P39 Effect of Interferon Beta-1a SC on Lesion Iron Content in Multiple Sclerosis

Saturday, June 1, 2013
Robert Zivadinov, MD, PhD, FAAN , Department of Neurology, State University of New York at Buffalo, Buffalo, Buffalo, NY
Silva Markovic-Plese, MD, PhD , Department of Neurology, Microbiology and Immunology, University of North Carolina at Chapel Hill, Chapel Hill, NC
Michael G Dwyer, MSc , Department of Neurology, State University of New York at Buffalo, Buffalo, Buffalo, NY
Brooke Hayward, SM, MBA, , EMD Serono, Inc., Rockland, MA
Niels Bergsland, MS , Department of Neurology, State University of New York at Buffalo, Buffalo, Buffalo, NY
Mari Heininen-Brown, BA , Department of Neurology, State University of New York at Buffalo, Buffalo, Buffalo, NY
Ellen Carl, MS , Department of Neurology, State University of New York at Buffalo, Buffalo, Buffalo, NY
Cheryl Kennedy, LMSW, MPH , Department of Neurology, State University of New York at Buffalo, Buffalo, Buffalo, NY
Fernando Dangond, MD, FAAN , EMD Serono, Inc., Rockland, MA
Bianca Weinstock-Guttman, MD , Department of Neurology, State University of New York at Buffalo, Buffalo, Buffalo, NY


Background: Studies have shown a relationship between increased iron content and clinical progression, cognitive impairment, and brain atrophy in patients with multiple sclerosis (MS). Abnormal phase, as determined using the novel, advanced magnetic resonance imaging technique of susceptibility-weighted imaging (SWI), can potentially capture iron content changes more accurately than other available imaging techniques.
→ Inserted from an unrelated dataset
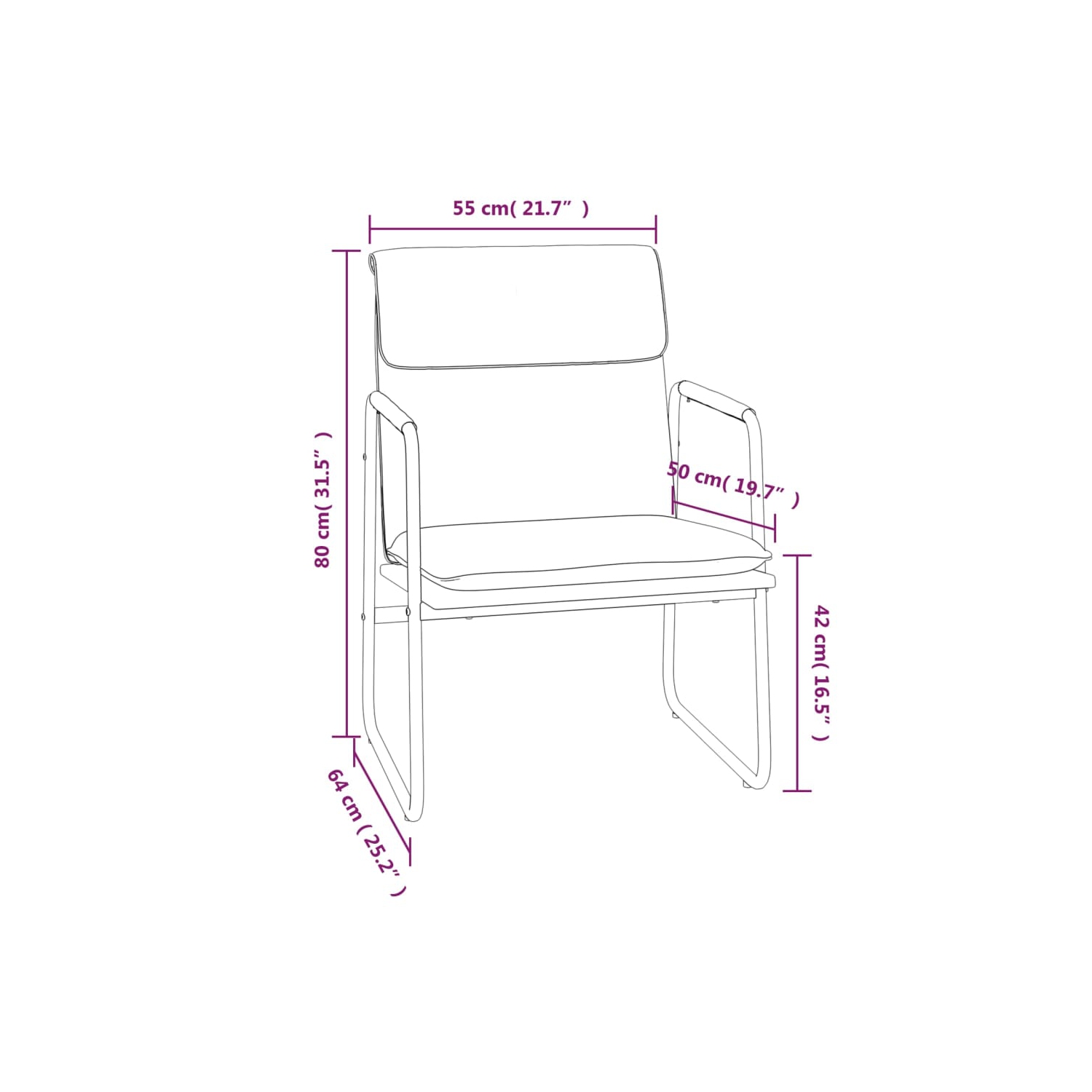 vidaXL Lounge Chair Black 55x64x80 cm Faux Leather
Objectives: To investigate changes of abnormal phase in subcortical deep-gray matter (SDGM) and volume/number of visible lesions on SWI-filtered phase in patients with relapsing–remitting MS receiving interferon β-1a (IFN β-1a) vs. untreated healthy controls (HCs) who completed a 24-week study.

Methods: Twenty-three patients who received IFN β-1a subcutaneously for 6 months and 15 HCs were imaged on a 3T scanner at baseline, 12 weeks, and 24 weeks (NCT01085318). Mean phase of the abnormal phase tissue was determined for total SDGM, caudate, putamen, globus pallidus, thalamus, pulvinar nucleus, hippocampus, amygdala, nucleus accumbens, red nucleus, and substantia nigra. Changes in lesion number and volume visible on SWI-filtered phase images were assessed over 24 weeks. Between and within abnormal phase changes over follow-up were tested using non-parametric statistics adjusted for multiple comparisons.

Results: At baseline, patients showed significantly decreased abnormal phase in caudate (p=0.001), total SDGM (p=0.003) and putamen (p=0.008), compared with HCs. A trend for decreased abnormal phase was detected in thalamus, pulvinar nucleus and globus pallidus (p<0.05). Changes in abnormal phase between patients and HCs, or within individual groups, were not significant for any SDGM region over 24 weeks. However, there was a significant decrease of lesion volume (p<0.001) and number (p=0.003) of lesions visible on SWI-filtered phase images in patients over 24 weeks.

Conclusions: Over 24 weeks, IFN β-1a-treated patients experienced a similar change in iron content compared to HCs. In patients, IFN β-1a significantly decreased the number and volume of visible lesions on SWI-filtered phase over follow-up.